Complete Genome Sequences of Three Border Disease Virus Strains of the Same Subgenotype, BDSwiss, Isolated from Sheep, Cattle, and Pigs in Switzerland.

We report here the complete genome sequences of three border disease virus (BDV) strains of the same subgenotype isolated in Switzerland from a sheep, a cow, and a pig, respectively. This is the first report of full-length sequences of a tentatively new subgenotype isolated from three different species of cloven-hoofed farm animals.

GENOME ANNOUNCEMENT

Border disease virus (BDV) belongs to the genus Pestivirus, which includes important animal pathogens, such as bovine viral diarrhea virus (BVDV) and classical swine fever virus (CSFV). BDV occurs worldwide (1, 2), and several subgenotypes have been described to date (3, 4). BDV infections occur mainly in sheep and goats but also in cattle, pigs, and wild even-toed ungulates (2). We describe here the full-length sequences of three BDV strains isolated in Switzerland from a sheep, a cow, and a pig. They form a new, yet unclassified, BDV subgenotype. The first isolates of this type were isolated in 2006 in Switzerland and provisionally named BD Switzerland (5) or BDSwiss (6–8) or remained unclassified (4, 9, 10), and partial sequences (5′ untranslated region [UTR], Npro) were deposited in GenBank (accession no. JQ994199, JQ994200 GU244490, and GU244489). Recently, BD viruses of this subgenotype were detected in goats and chamois in Italy and were tentatively labeled BDV-8 (11, 12).

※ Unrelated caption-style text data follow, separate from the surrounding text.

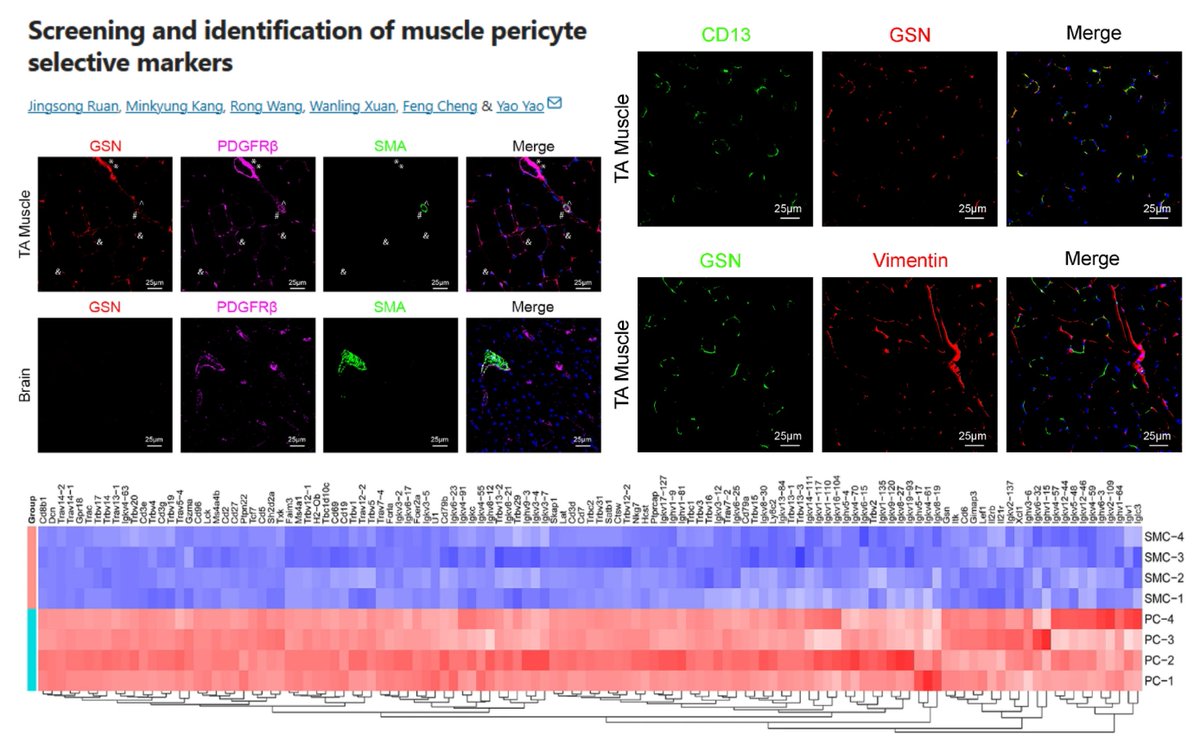 HaoYin20's tweet image. Gelsolin as a selective #Pericyte marker vs #SmoothMuscleCell Fibroblast in mouse #SkeletalMuscle
Antibody R&amp;amp;D MAB8170 Cryosection

BulkRNAseq
(SkM PDGFRβ+SMA− pericyte vs PDGFRβ+SMA+ SMC) vs (Brain pericyte vs SMC)

#SciRep 2025
nature.com/articles/s4159…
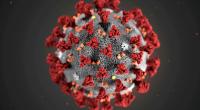 Bangladesh reports fourth coronavirus death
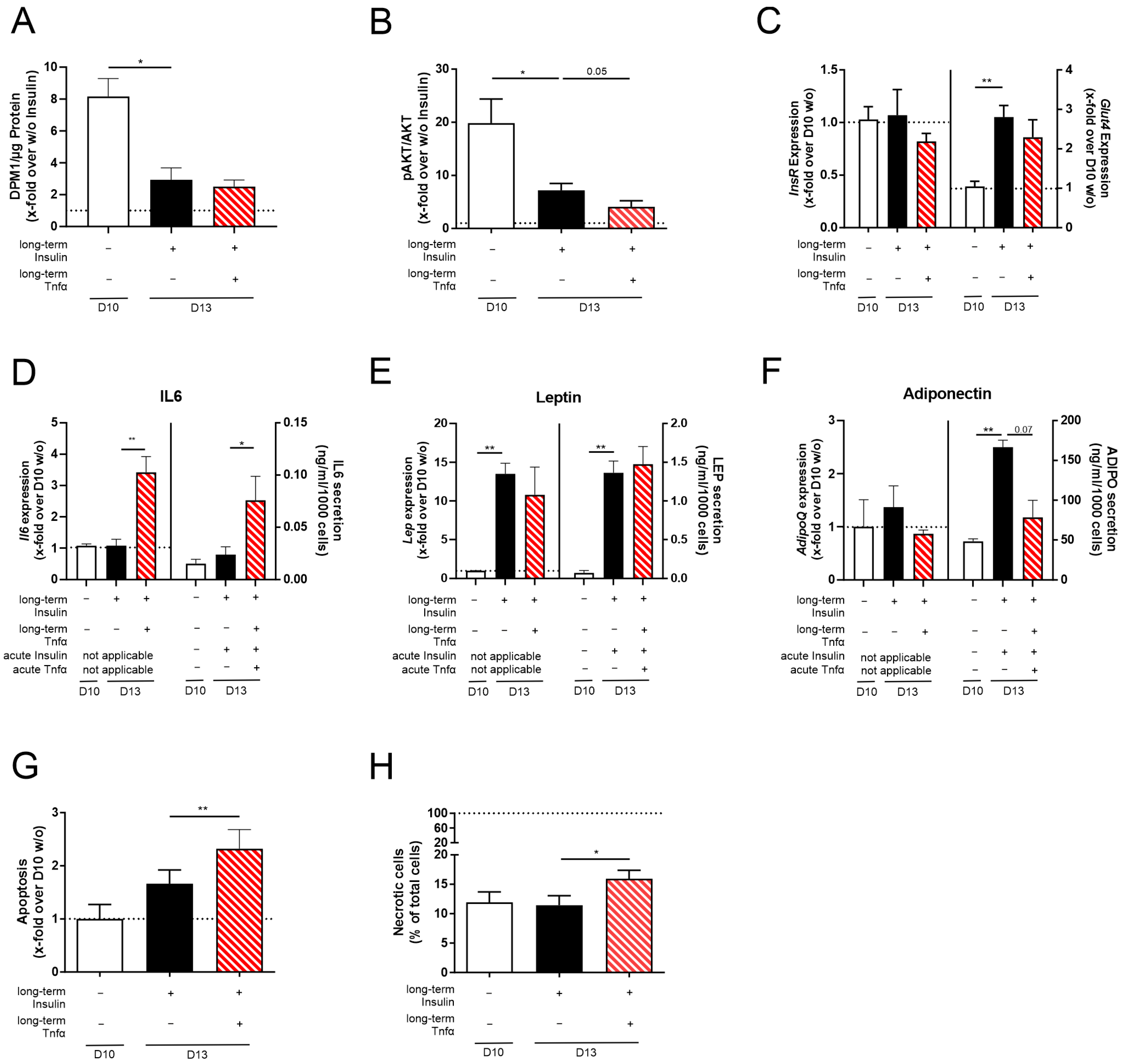 Cells 14 00837 g005 Cells 14 00837 g005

Samples R4785/06 (also named CH-BD4), R9336/11, and BD35-15 were obtained from a female white alpine sheep in 2006, a crossbreed (Braunvieh × Limousin) male cow in 2011 (7), and a female domestic pig in a zoo, respectively. Viruses from blood of sheep and cattle were isolated on bovine turbinate cells, whereas SK6 cells were used for porcine blood. RNA was isolated using the QIAamp viral RNA minikit (Qiagen AG, Hombrechtikon, Switzerland), and reverse transcription-PCR (RT-PCR) (Qiagen OneStep RT-PCR kit) was performed according to the manufacturer’s instructions. PCR fragments were purified with the QIAquick PCR purification kit (Qiagen). DNA-Sanger cycle sequencing with BigDye Terminator chemistry (version 3.1) and capillary electrophoresis (ABI 3730xl DNA analyzer; Applied Biosystems) were performed at Microsynth (Balgach, Switzerland). The 3′ ends were determined by a simplified protocol for rapid amplification of cDNA ends (RACE) (13) with direct sequencing of the amplification products or by cloning into pCRTM 4-TOPO (Invitrogen). The 5′ ends were determined by a 5′ RACE kit (Invitrogen or Roche). The electropherograms were assembled with SeqMan II version 5.01 (DNAStar, Inc., Madison, WI), and sequences were analyzed with Clone Manager 9 professional edition (Scientific & Educational Software, Cary, NC) and the MEGA program, version 6 (14).

The complete genomes of the isolates R4785/06, R9336/11, and BD35-15 comprise 12,318, 12,311, and 12,309 nucleotides (nt), with 5′ UTRs of 369, 377, and 375 nt and 3′ UTRs of 261, 246, and 246 nt, respectively. All polyprotein-coding sequences are 11,685 nt long and code for 3,895 amino acids (aa). The bovine and porcine isolates are more similar to each other (99% nt, 99% aa) than to the ovine strain (86% nt, 92% aa). In the Npro genomic region, the sequences of the strains reported recently from Italy (11, 12) match 82 to 92% (nt) and 86 to 93% (aa) to the corresponding regions in our strains.

This is the first report of complete consensus sequences of three strains of the same BDV subgenotype, BDSwiss (later also named BDV-8), obtained from a sheep, a cow, and a pig in Switzerland, which will further assist investigations on the epidemiology and evolution of pestiviruses in different host species.

Accession number(s).

The complete sequences of the isolates R4785/06, R9336/11, and BD35-15 have been deposited in GenBank under the accession no. MF102260, MF102261, and MF102262, respectively.